Amazon's Arm-based Graviton2 Against AMD and Intel: Comparing Cloud Compute
by Andrei Frumusanu on March 10, 2020 8:30 AM EST- Posted in
- Servers
- CPUs
- Cloud Computing
- Amazon
- AWS
- Neoverse N1
- Graviton2
It’s been a year and a half since Amazon released their first-generation Graviton Arm-based processor core, publicly available in AWS EC2 as the so-called 'A1' instances. While the processor didn’t impress all too much in terms of its performance, it was a signal and first step of what’s to come over the next few years.
This year, Amazon is doubling down on its silicon efforts, having announced the new Graviton2 processor last December, and planning public availability on EC2 in the next few months. The latest generation implements Arm’s new Neoverse N1 CPU microarchitecture and mesh interconnect, a combined infrastructure oriented platform that we had detailed a little over a year ago. The platform is a massive jump over previous Arm-based server attempts, and Amazon is aiming for nothing less than a leading competitive position.
Amazon’s endeavours in designing a custom SoC for its cloud services started back in 2015, when the company acquired Isarel-based Annapurna Labs. Annapurna had previously worked on networking-focused Arm SoCs, mostly used in products such as NAS devices. Under Amazon, the team had been tasked with creating a custom Arm server-grade chip, and the new Graviton2 is the first serious attempt at disrupting the space.

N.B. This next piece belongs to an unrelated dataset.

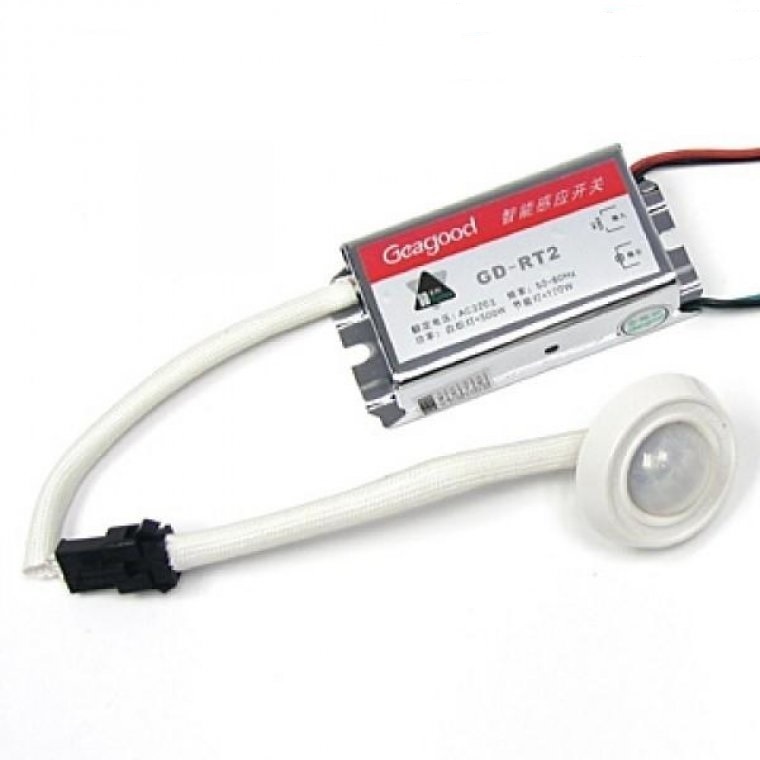 Công Tắc Cảm Ứng Vi Sóng RS02D1 – Bật Đèn Tự Động, Phù Hợp Nhà Ở & Hành Lang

So, what is the Graviton2? It’s a 64-core monolithic server chip design, using Arm’s new Neoverse N1 cores (Microarchitectural derivatives of the mobile Cortex-A76 cores) as well as Arm’s CMN-600 mesh interconnect. It’s a pretty straightforward design that is essentially almost identical to Arm’s 64-core reference N1 platform that the company had presented back a year ago. Amazon did diverge a little bit, for example the Graviton2’s CPU cores are clocked in at a bit lower 2.5GHz as well as including only 32MB instead of 64MB of L3 cache into the mesh interconnect. The system is backed by 8-channel DDR-3200 memory controllers, and the SoC supports 64 PCIe4 lanes for I/O. It’s a relatively textbook design implementation of the N1 platform, manufactured on TSMC’s 7nm process node.
The Graviton2’s potential is of course enabled by the new N1 cores. We’ve already seen the Cortex-A76 perform fantastically in last year’s mobile SoCs, and the N1 microarchitecture is expected to bring even better performance and server-grade features, all whilst retaining the power efficiency that’s made Arm so successful in the mobile space. The N1 cores remain very lean and efficient, at a projected ~1.4mm² for a 1MB L2 cache implementation such as on the Graviton2, and sporting excellent power efficiency at around ~1W per core at the 2.5GHz frequency at which Amazon’s new chip arrives at.

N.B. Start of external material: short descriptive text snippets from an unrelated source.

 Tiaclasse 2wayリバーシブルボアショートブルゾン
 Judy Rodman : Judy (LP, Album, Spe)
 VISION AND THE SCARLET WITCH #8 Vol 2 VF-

Total power consumption of the SoC is something that Amazon wasn’t too willing to disclose in the context of our article – the company is still holding some aspects of the design close to its chest even though we were able to test the new chipset in the cloud. Given the chip’s more conservative clock rate, Arm’s projected figure of around 105W for a 64-core 2.6GHz implementation, and Ampere’s recent disclosure of their 80-core 3GHz N1 server chip coming in at 210W, we estimate that the Graviton2 must come in around anywhere between 80W as a low estimate to around 110W for a pessimistic projection.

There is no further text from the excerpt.